A variety of drawbacks exist with conventional flowmeter monitoring systems. First, many flowmeter installations are configured to provide manual reading of the flow data that has been acquired over time. Reading the flow meter data can be a burdensome task. Generally, a field worker is required to travel to the physical location of the manhole, pry off the manhole cover, descend into the manhole, and attempt to collect the data from the secondary element of the installed flowmeter. Where numerous flowmeters are installed throughout a large municipal wastewater collection system, the task of collecting flow data from all of the flow meters can be a time-consuming, labor intensive (and therefore expensive) process. In situations of sudden rainfall events or other circumstances, it can be very difficult for field workers to monitor all of the flowmeters in the system, and a risk of overflow increases.
In addition to the difficulty in obtaining flow data from flowmeters installed in a wastewater collection system, flowmeters can also be expensive, and often require a high level of accuracy that can be difficult to maintain over time. Inaccurate liquid flow measurements in the context of a wastewater collection system can lead to serious or even disastrous results. Flowmeters may also require periodic inspection and cleaning, and can therefore be relatively expensive to maintain.
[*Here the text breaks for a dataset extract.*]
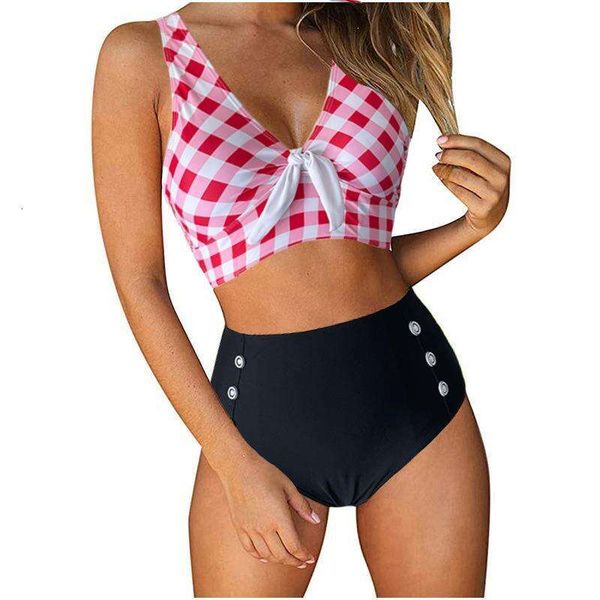 swimwear fresh plaid printed bikini split swimsuit for women, White;black 
swimwear fresh plaid printed bikini split swimsuit for women, White;black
Various types of sewer monitoring systems have been developed or proposed to alleviate the need for manual data collection. One example is illustrated in U.S. Pat. No. 5,608,171 to Hunter et al. However, available sewer monitoring systems of the wireless variety generally require devices that are expensive or require expensive components, can be difficult to install or remove, and/or have limited functionality or compatibility with other equipment.
It would therefore be advantageous to provide an improved technique for monitoring sewers, storm drains, waterways, and other such areas, to prevent overflows, facilitate maintenance, and improve information available for municipal planning purposes.